There's nothing on the bottle to indicate 'spritziness" and it was definately unpleasant to my palate. I have tipped the rest of the bottle down the sink anyway.

Allie


----------



## Wade E (Dec 6, 2009)

Ive had a few commercial wines that were gassy like what yu have stated which led me to believe that maybe I detect this more then others and cant stand it hence the reason I go as far asI do in degassing my wnes.


----------



## Tom (Dec 6, 2009)

I would have either decanted it or let it "breath" for 30+ minutes.
Something is wrong and they won't admit it blaming you for poor refrigeration . 
I would not buy anything from that winery again.


----------



## St Allie (Dec 6, 2009)

heheh Wade..

I was thinking that their comment was funny..

"Suffice to say it has proved very popular on Air New Zealand international flights, where you might expect it to be most obvious!'"

trap 200 people on an aeroplane for up to 24 hours.. and they'll drink anything..!

ok .. ok .. I know I'm being unreasonable .. however.. what has that got to do with my original comment as to gassiness?



Allie

OH and Tom?.. I bought the wine on the way to an impromptu BBQ at a friends place.. so it had been in my hands for half an hour.


----------



## Wade E (Dec 6, 2009)

There are plenty of people who actually like it that way as weve had our share of people asking for this sprightliness without carbing and needing C02 systems. I dont think it was a Pinot though I believe it was an Italian wine.


----------



## St Allie (Dec 6, 2009)

Well, I wish they had written slight carbonation or 'spritzyness" on the bottle.. I wouldn't have bought it if they had..

That's life!

Allie


----------



## Wade E (Dec 6, 2009)

And yet the people who like this type of wine dont know either!


----------



## rawlus (Dec 7, 2009)

in minor defense of the winery, there are some wines and wineries that do intentionally leave a bit of dissolved CO2 in them... sometimes for acidity sake, sometimes for style.
iv'e had italian gavis that have been frizzante, i've had portugese vino verde that has had the hint of co2 on the tongue, but no real bubbles in the glass, i've had some australian reds with sparkly - mostly shiraz.
not saying that is truly what the winery was going for, but if they are defending their position i would tend to believe them as any winery i have known, if the wine does not turn out as they intended, they take it back no questions or at the very least apologize profusely.
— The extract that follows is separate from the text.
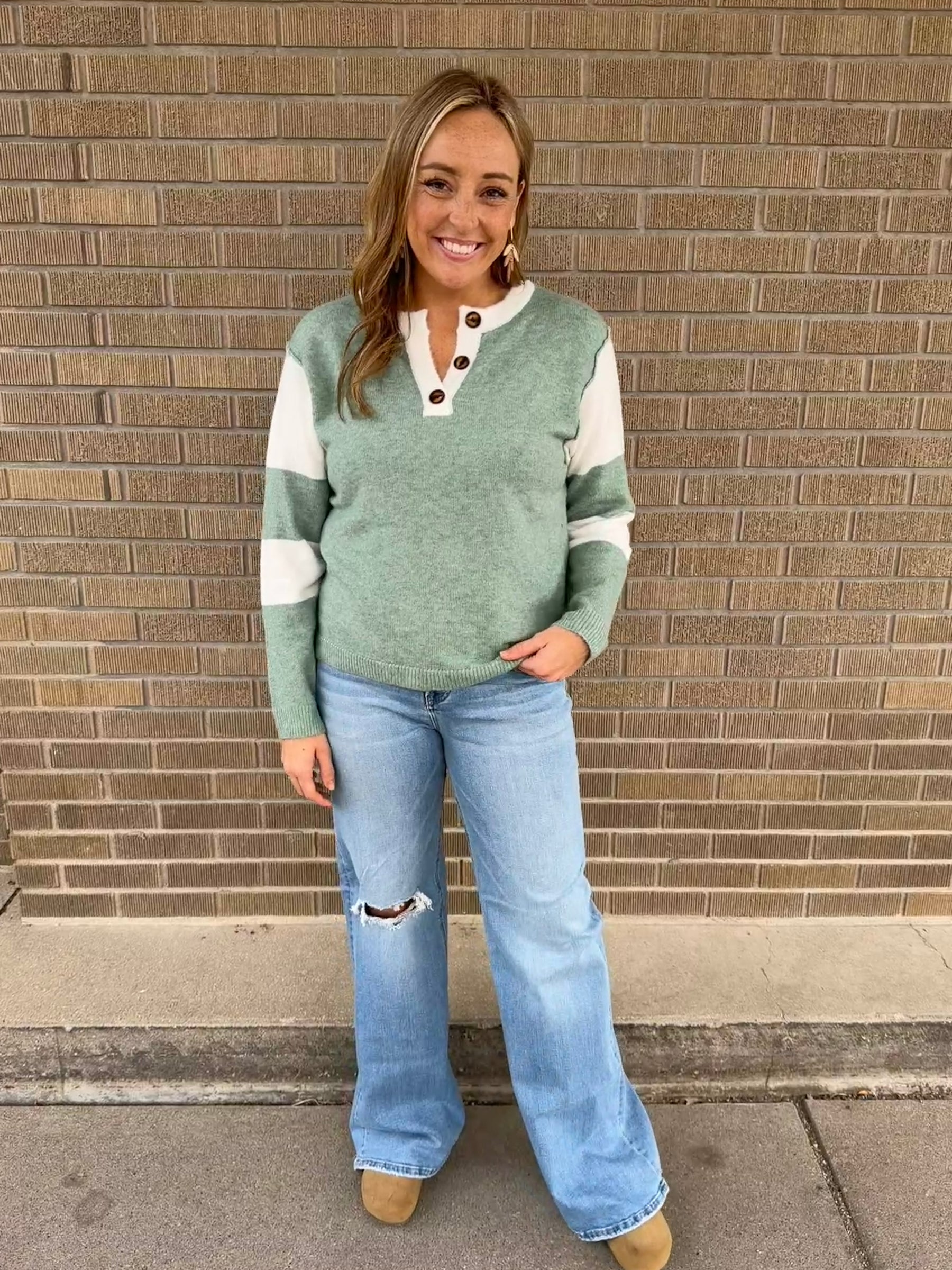 Sage Henley Sweater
i agree though, usually it appears on the bottle in some way as frizzante or sparkling or something along those lines. tho the vino verde i've had in that style makes no mention on either. personally i think the sparkling is nice when paired with the right foods... something greasy/fatty, like chinese take-out or delivery pizza.


----------



## St Allie (Dec 7, 2009)

fair enough Rawlus,

it was unexpected to say the least..which is why I posted about it.
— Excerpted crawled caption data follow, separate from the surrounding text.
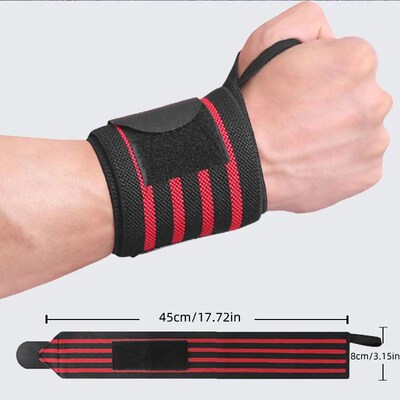 2 PCS Outdoor fitness Wristband Wrist Support Weight Lifting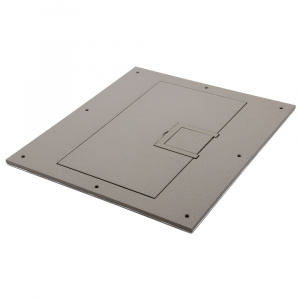fl-600p-sld-cly-c- solid cover w/ cable exit- clay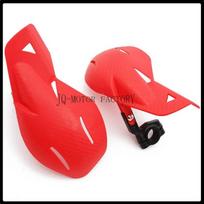 Motorcycle Handguards Hand Guards Protectors Motorbike Motocross Universal 22mm Bar Guard Handlebar Protective Guards raudona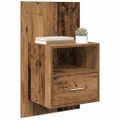 vidaXL Nočný stolík 2 ks Staré drevo 50 x 32.5 x 80cm Kompozitné drevo
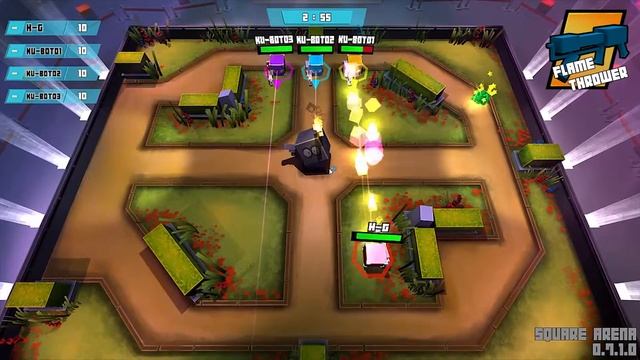 Square Arena Weapon : Flame Thrower смотреть онлайн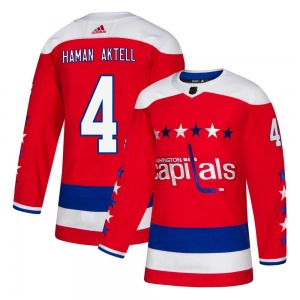 Hardy Haman Aktell Washington Capitals Adidas Youth Authentic Alternate Jersey (Red)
A first for me, prefer my reds to be uncarbonated.

Allie


----------



## Green Mountains (Dec 7, 2009)

I'd say that there response to you was akin to somebody tripping over there own feet and then covering themselves with an "I meant to do that" comment.


----------



## mmadmikes1 (Dec 8, 2009)

LOLOLI have never heard of people parring with Chineese take out or pizza. I thought BEER prred with these 2 or Coca Cola


----------



## xanxer82 (Dec 8, 2009)

With some take away shops, beer or wine plus the greasy food would equal a long night in the can. 
But from the right places, wine and take away food is great.


----------